Expanded JSON tree of returned json from the order_history endpoint

However, this JSON object doesn’t contain information about the quantity or price, which would be helpful in the final product. It also has the following parameters, which restrict it to only displaying the 10 most recent receipts:

page_number: 1
page_size: 10
order_purchase_type: STORE
pending_order: true
shipt_status: true

To adjust to this limitation, we use the total_pages value of the JSON object to tell how many pages to request and iterate the page_number parameter through the number of pages. I investigated the API further by opening the link to one of the orders.

Chrome developer tools view of the store_order_details API endpoint and returned JSON

Here, we see a request to https://api.target.com/guest_order_aggregations/v1/<store_receipt_id>/store_order_details, where <store_receipt_id> is the ID of the receipt from the order_history request we made earlier (in this case, 4292-3234-0163-5284). The JSON returned from this request contains all the information we need about each item, in a nested object format.

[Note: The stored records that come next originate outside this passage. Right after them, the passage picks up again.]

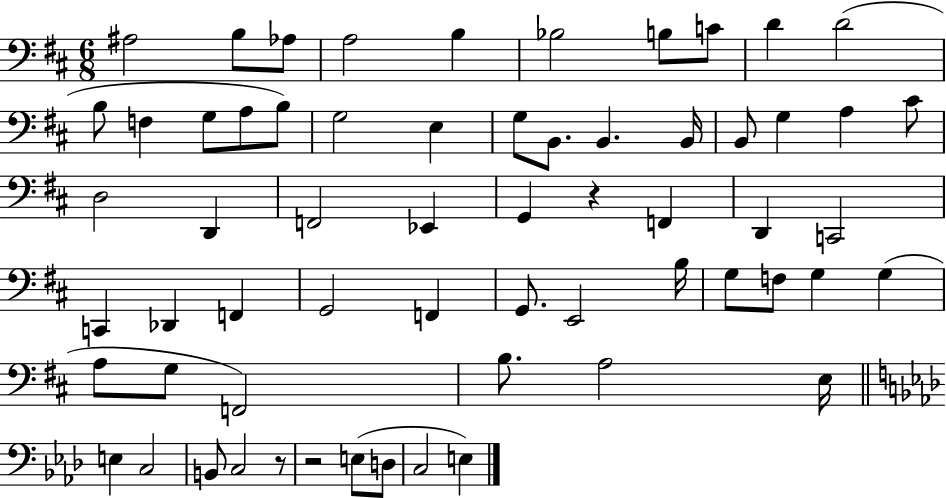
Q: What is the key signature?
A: D major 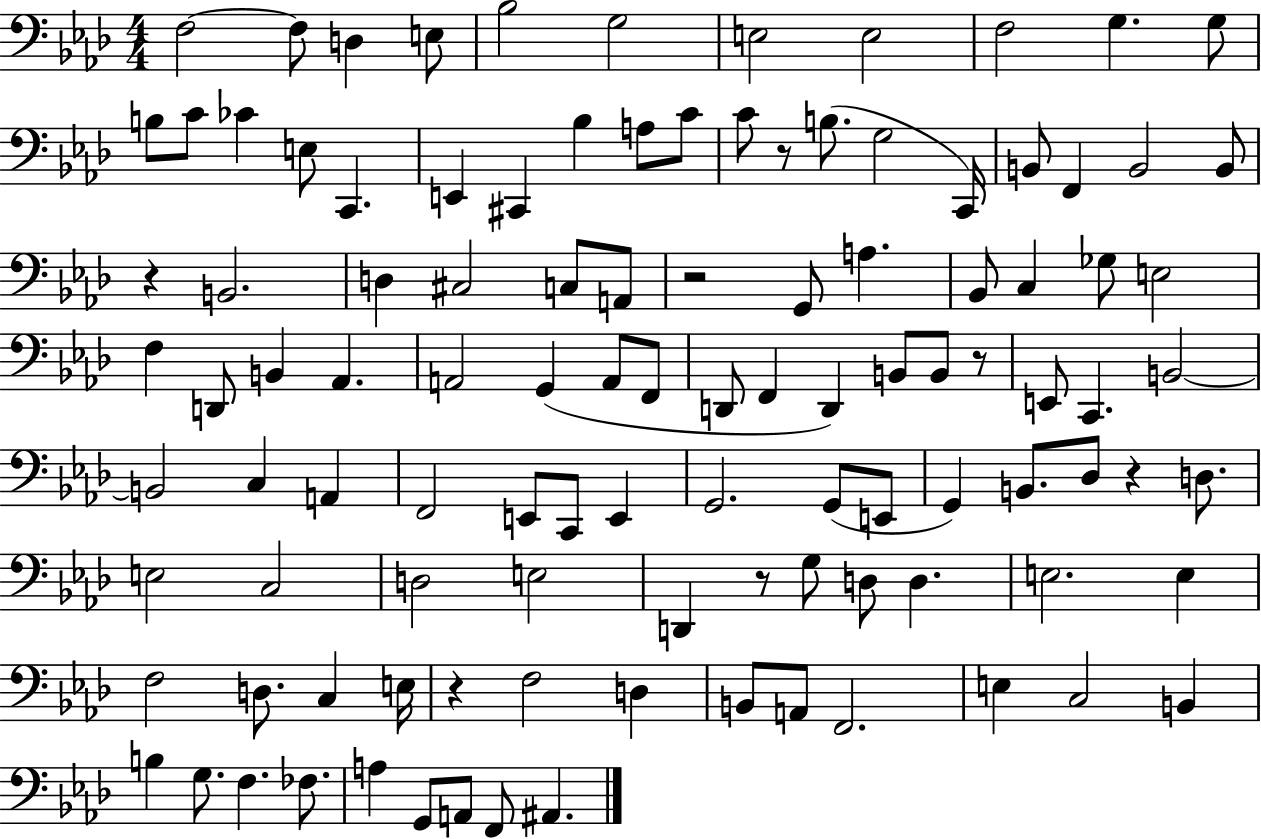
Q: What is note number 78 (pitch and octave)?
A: D3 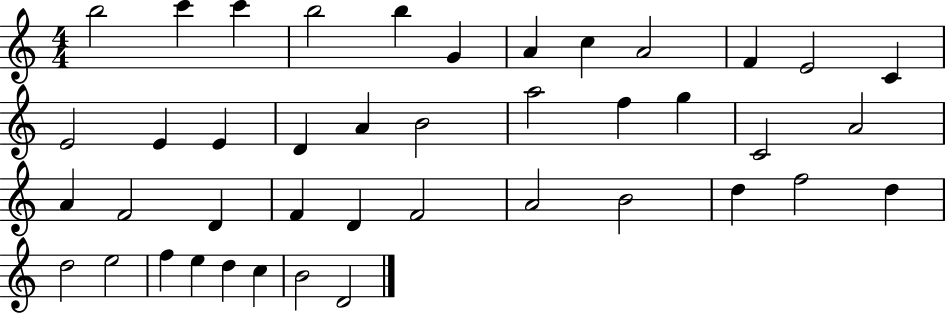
X:1
T:Untitled
M:4/4
L:1/4
K:C
b2 c' c' b2 b G A c A2 F E2 C E2 E E D A B2 a2 f g C2 A2 A F2 D F D F2 A2 B2 d f2 d d2 e2 f e d c B2 D2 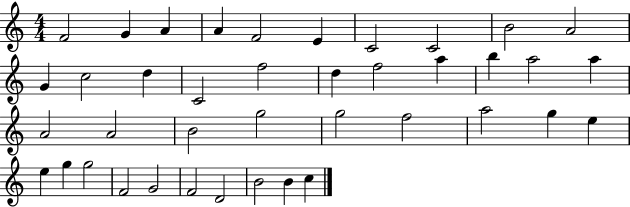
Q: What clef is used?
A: treble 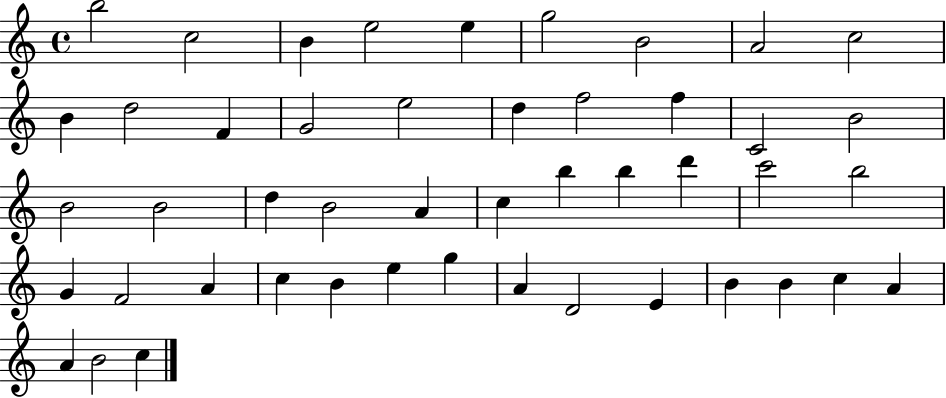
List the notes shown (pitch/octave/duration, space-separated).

B5/h C5/h B4/q E5/h E5/q G5/h B4/h A4/h C5/h B4/q D5/h F4/q G4/h E5/h D5/q F5/h F5/q C4/h B4/h B4/h B4/h D5/q B4/h A4/q C5/q B5/q B5/q D6/q C6/h B5/h G4/q F4/h A4/q C5/q B4/q E5/q G5/q A4/q D4/h E4/q B4/q B4/q C5/q A4/q A4/q B4/h C5/q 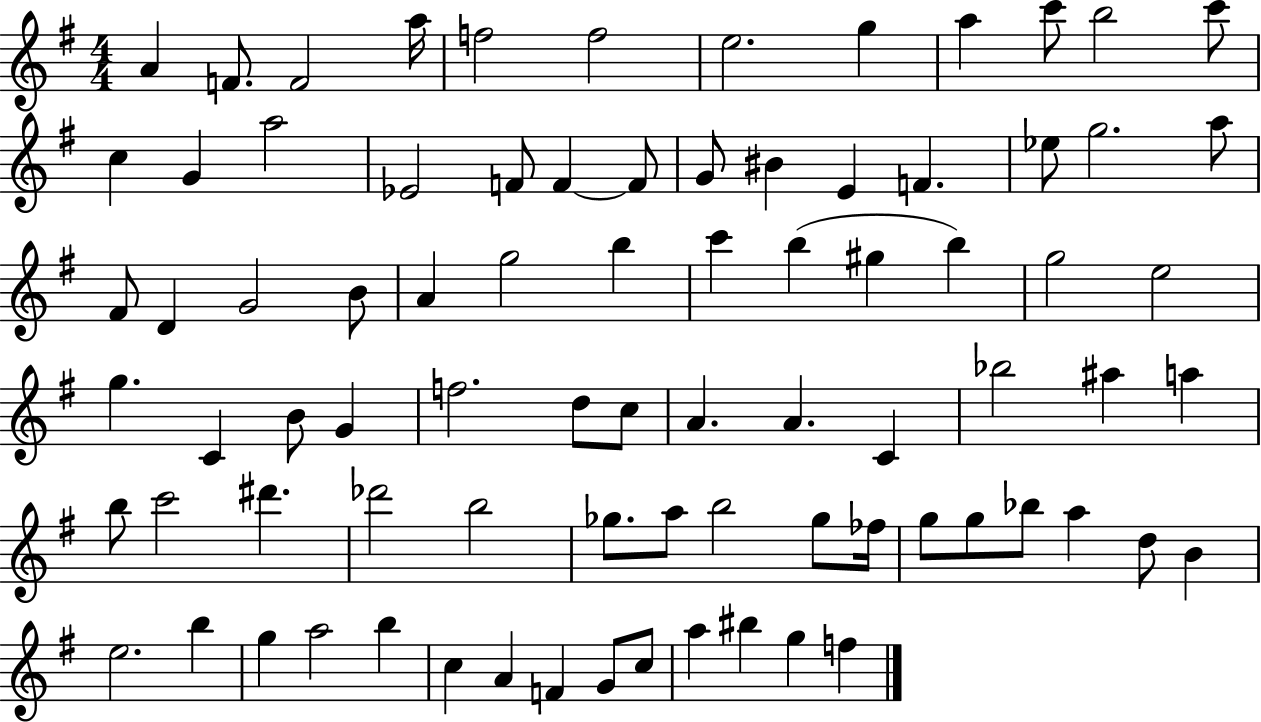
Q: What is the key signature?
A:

To make these API requests through a program, we need to authorize access to the API. Simply running curl on the API endpoint results in:

>curl https://api.target.com/guest_order_aggregations/v1/order_history
{"message":"Invalid Key","errors":[{"resource":"Go-Proxy","field":"","reason":"no API key found in request"}]}

Inspecting the request headers in Chrome, we can try to mimic the original request to authorize our use of the API. One of the request headers is x-api-key, which we can add to the curl request as follows:

>curl https://api.target.com/guest_order_aggregations/v1/order_history -H "x-api-key: <YOUR API KEY FROM DEV TOOLS>"
{"message":"Unauthorized","errors":[{"resource":"Go-Proxy","field":"","reason":"[GSP] No authorization header, nor auth cookies found"},{"resource":"Go-Proxy","field":"","reason":"[ID2] token value missing or Authorization invalid"}]}

Now, we see that we are still missing something, although this is likely a request cookie rather than another header. We can see the cookies sent by accessing the cookies tab in the developer tools:

Cookies sent with the request, including the accessToken cookie

My instinct was to use the accessToken cookie to authorize the request, and I sent this with the request in curl:

>curl https://api.target.com/guest_order_aggregations/v1/order_history -H "X-Api-Key: <YOUR API KEY FROM DEV TOOLS>" -H "Cookie: accessToken=<YOUR ACCESSTOKEN COOKIE>"
{"metadata":{"total_time":55,"guest_type":"P"},"orders":[],"request":{"page_number":1,"page_size":10,"shipt_status":false,"pending_order":false}}

We can see we get a valid response once this cookie is included, but we need to note that this cookie expires once the user session ends and that we would need to log in again to get a new cookie once the old one is no longer valid. However, we can ignore this for now and make requests through a simple Python program:

import requests

API_URL = 'https://api.target.com/guest_order_aggregations/v1'
ORDER_HISTORY_ENDPOINT = '/order_history'
ORDER_DETAILS_ENDPOINT = '/{store_receipt_id}/store_order_details'

PARAMS = {
    'page_size': 10,
    'order_purchase_type': 'STORE',
    'pending_order': 'true',
    'shipt_status': 'true'
}

HEADERS = {
    'X-Api-Key': '<YOUR_API_KEY>',
    'Cookie': 'accessToken=<YOUR_COOKIE>'
}

def fetch_all_receipts():
    receipts = []
    current_page = 1
    total_pages = None

    while total_pages is None or current_page <= total_pages:
        print(f'Fetching page {current_page}...')
        response = requests.get(API_URL + ORDER_HISTORY_ENDPOINT, 
                                params={**PARAMS, 'page_number': current_page}, 
                                headers=HEADERS)
        response.raise_for_status()
        data = response.json()

        orders = data.get('orders', [])
        for order in orders:
            receipts.append(order['store_receipt_id'])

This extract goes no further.